Amidst growing reports of world hunger there is a movement growing around the world where Urban farms rooftop gardens and vertical farming are becoming an integral part of urban planning.

Architecture firm Sasaki has designed a hydroponic vertical farm for Shanghai, where leafy greens will be grown on rotating loops housed in a huge greenhouse.

The studio designed the urban farm as part of the Sunqiao Urban Agricultural District, which will be built on a site between Shanghai’s main international airport and the city centre, and divided by a canal.

 

The aim of the vertical system is to offer a space-saving and economical alternative to provide food for the growing population of China’s largest city, home to nearly 24 million people.

It will focus on producing leafy greens like kale, spinach and lettuce, which are a staple of Shanghainese diet. These will be grown along a series of looped rails arranged side by side in the greenhouse.

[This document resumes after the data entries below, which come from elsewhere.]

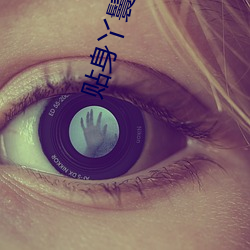 貼身丫鬟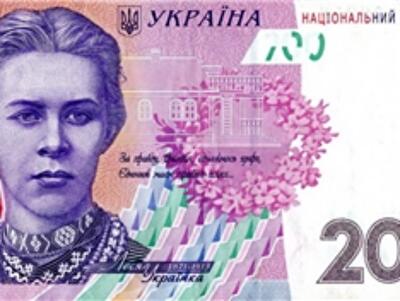 Что происходит с гривной?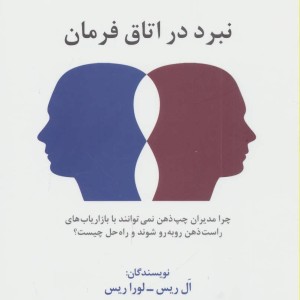 کتاب نبرد در اتاق فرمان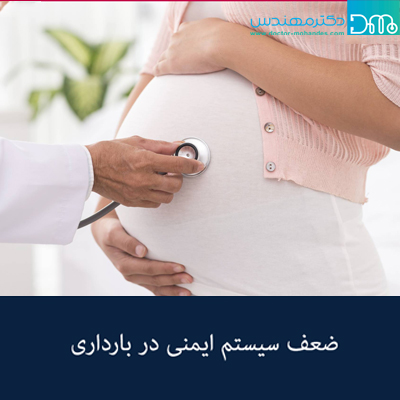 دلیل ضعف سیستم ایمنی بدن در بارداری zafesistemeimeniyebadan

The structures will rotate to offer a fair distribution of natural light from the sawtooth roof. Water sourced from a rainwater collection tank will be used to grow the plants hydroponically, while the nutrients will be gathered from the waste of fish houses in the aquaponics room.

Shanghai is the ideal context for vertical farming; land prices are high, which makes building up rather than out the economically prudent choice.

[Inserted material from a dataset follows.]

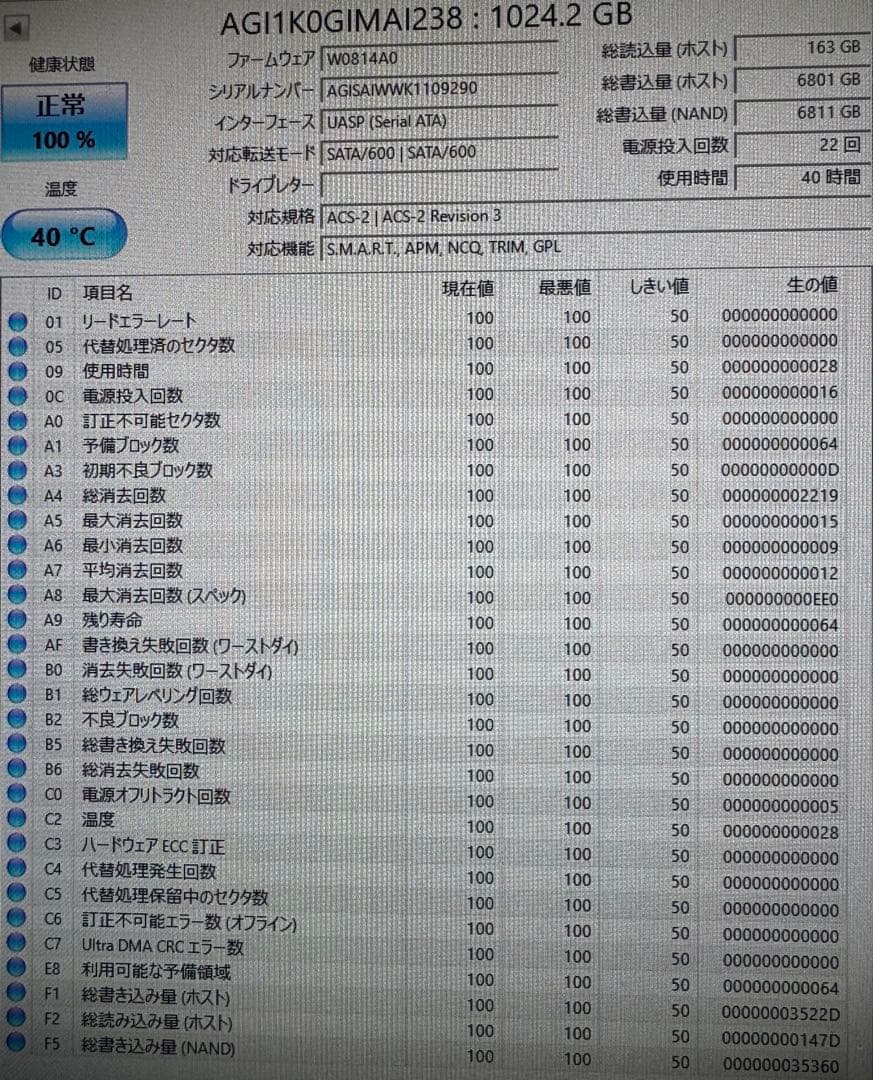SSD 2.5インチ 1TB 480GB 合計2個セット！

Not only do leafy greens play a significant role in the Shanghai diet, but Leafy greens are also an excellent choice for hydroponic and aquaponics growing systems because they thrive in the simplest of setups, and don’t need a lot of extra attention. They grow quickly and weigh little, both of which make them an economical and efficient option.

 

The complex will also integrate research and public outreach program offices. These will include a science museum, waterfront fitness trail, plaza, digital amphitheatre and educational facilities.

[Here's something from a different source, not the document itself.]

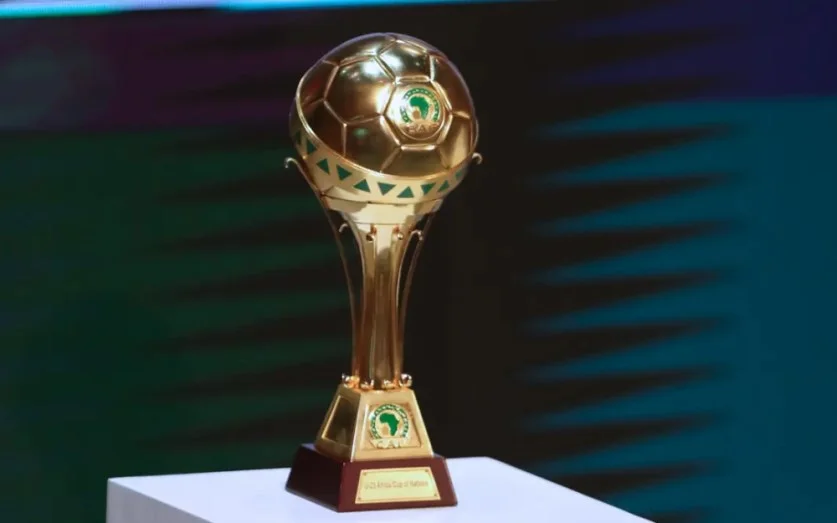 كأس أمم إفريقيا تحت 23 سنة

While one goal is to position Shanghai as a leader in urban food production, Sunqiao is more than simply creating vertical food factories.

It will also be providing an agritraction – a robust public realm that merges indoor and outdoor agricultural experiences. The Sunqiao experiment presents a new idea for urban life by celebrating food production as one of the most important functions of a city…and agritainment.

Elevated walkways with vines growing up columns will lead around the farm and above a market for selling the produce, as well as educational facilities for teaching children.

Another greenhouse in the scheme will be landscaped with pathways between tropical wetlands. An elevated walkway will loop around a circular tower, called the Vertical Seed Library, which will showcase a variety of seeds in cabinets on its exterior.

The Sunqiao Urban Agricultural District follows a series of proposals for vertical farms as an alternative to traditional land-intensive farming.

Other examples include Rogers Stirk Harbour + Partners’ concept for a bamboo-framed vertical farm and Spark’s model for Asian retirement communities that double as city farms.